Adrian finally felt the impact of the trough and has started to take go more poleward (the previous N-S elongation comment was spot on). El Salvador still looks like a good bet for landfall; exactly where is not the key, however, it's areas to the east of the storm. There appears to be a bit too much shear in the region for much more strengthening, but the current appearance of the storm looks to be a bit like Hurricane Earl in 1998 (Atlantic basin). The trailing convective bands developing to the east of the storm hints at massive rainfall totals to come; it may also hint at a very early start to the extratropical transition process, but I'm not buying that yet.

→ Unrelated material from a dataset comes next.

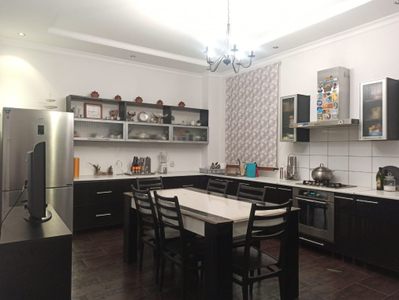 Продажа 4-комнатного дома, 425 м, Аманжолова (Кривогуза)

As for redevelopment in the Atlantic...we will see. Landfall in Cent. Amer. is likely about 18-24hr from now, with passage from there into the Caribbean as, well, something. How much of something remains to be determined. If it survives the journey relatively intact, it'll likely weaken from there on out (if not become extratropical); if it doesn't, the remnants may just stick around for awhile under weak low-level flow. Like HF mentioned, the possibility for it to deviate from the projected course or become decoupled from the mid-level circulation is there...though also as he mentioned, safest bet is to stick with the forecast.
Rainfall, as noted last night and afternoon, is the biggest concern with this storm. Landfall in about 18hr with an intensity of 75kt or so at its peak somewhere along the El Salvador coast is the likely evolution over the next day or so. From there on out...we'll see.